I’m more comfortable now and can grasp faster than before what my directors try to convey. I don’t see any major changes. I still approach a script like I’ve been doing from the beginning. I also feel little more confident about my decisions.
What’s been the best comment you’ve received for your performances?
After watching the first show of Pizza 2: Villa, one guy came running and knocked on my car’s window. I rolled down my window and he said, “super, super, super, super thala’ and ran off. I won’t ever forget that because it was my first film as a hero. I felt really good because there was no need for him to do that because I’m not Vijay or Ajith. At Vijay Awards earlier this year, filmmaker Bharatbala appreciated my work in Thegidi. I think that was one memorable comment because I had auditioned for a prince role in one of his films few years back called ’The 19th Step’ with Kamal Haasan. The project was however shelved.
After three back-to-back hits, do you feel you’ve reached a point where you can demand roles?

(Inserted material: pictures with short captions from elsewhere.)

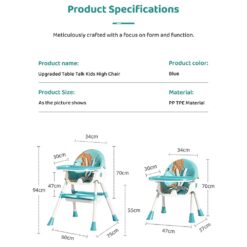 Product Specification of Table Talk High Chair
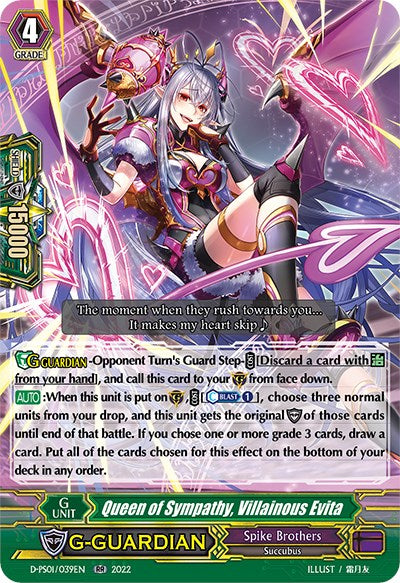 Image of Queen of Sympathy, Villainous Evita (D-PS01/039EN) [P Clan Collection 2022]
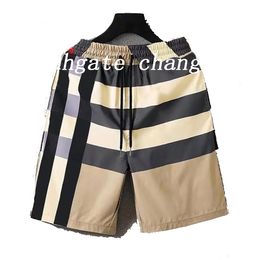 Mens and Womens Designer shorts Summer casual street wear Quick drying Swimsuit Plaid striped Print Beach Resort Beach Pants Asian size M-3XL 754844741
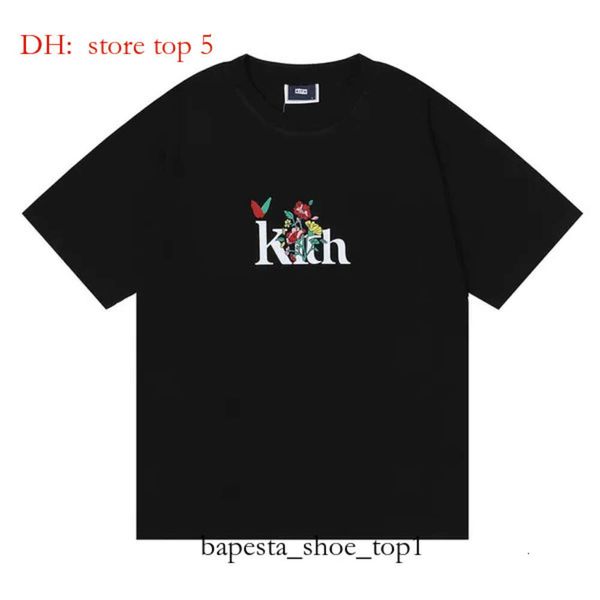 KITH 2023 Summer Designer Designer magliette Tendenze marca carta da coniglio taglio della carta ragno rotonda t-shirt casual cotone maschile e donne grafiche tee98 9008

I don’t think all my films are hits. Villa had its share of negative and cynical views. My type of films is independent and not mainstream as they are mostly made on low and medium budget. I should create market space before I can demand roles or for that matter anything. I think it will happen in the next few years.

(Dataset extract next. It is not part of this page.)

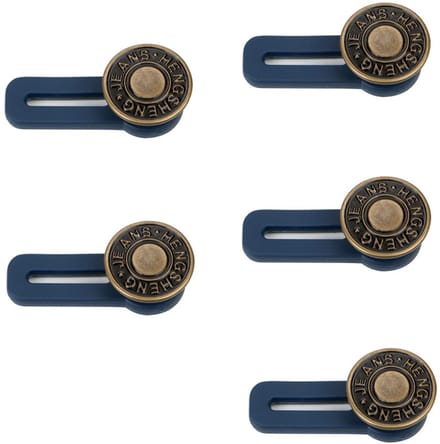 Tailleverlenger voor jeans, rokken en broeken, 5-pack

Do you also feel that you’re one among the actors to have been typecast as C.V Kumar products?
People always keep asking me why I only work in C.V Kumar’s films. But they should understand when I approached others for work nobody gave me an opportunity. He gave me an opportunity to act, and then made me a hero. All my three films so far have been under his banner but I’ve branched out with my next film. I plan to do more films for other producers as well. I’m doing a film for Arun Pandian and then another film with Murugadoss’s assistant Ashraf. I’ll be doing another film with C.V Kumar in January (2015). I don’t think there’s anything wrong in people asking me this question.
How are you treating the success you’re enjoying now?
The best part about the success as an actor is when you go out and people identify you. Thegidi was unanimously appreciated, while Villa had difference of opinions. When I’m in public, people smile at me and wave their hands. It feels so nice. I was recently shooting in Switzerland for ‘Savaale Samaali’, and people there came and spoke to me. They were so happy to see me. I think I get a high when I make people happy
“Savaale Samaali” is a full-length comedy entertainer and you’re playing the lead in it? How does it feel to work in this genre after “Soodhu Kavvum”?
I was getting typecast in serious roles. Even if you look at Soodhu Kavvum, I played the serious character and I hardly laugh in it. That’s when I decided to try my hands at comedy. I’m doing this film because I really liked the script. I guess this film will help me reach the masses because both Thegidi and Villa, I hate to say this, felt like they catered to the multiplex audiences. ‘Savaale Samaali’ has come out very well and I’m very confident about it. Comedy isn’t easy because it took me a few days to get a hang of it. It’s the kind of film that will entertain everybody. The other film ‘Varai Padam’ I’m currently working is an actioner. I’m trying my hands at full-length action role as well.
What have you learnt from your own films in this short duration in the industry?
I’ve learnt that you shouldn’t listen to anybody in the industry if you want to survive. It’s safe to follow your instincts. I’m still learning everyday in the industry. I have a long way to go and I’m just taking baby steps.
You’ve worked in a few short films with your friends. Are you open to working with them in feature films as well?
I’m actually waiting for that to happen. If I can go one step higher in my career, I think I can look forward to work with them. Then, I’ll be in a position to start doing things that will make me work with them. If there’s space for me to do anything to work with them, I’d be glad. I think I have to earn that position for all that to happen. Most of my friends are waiting with scripts. Maybe in two or three years I might get to work with them. I think I’m more comfortable working with them because I’ve known them for years.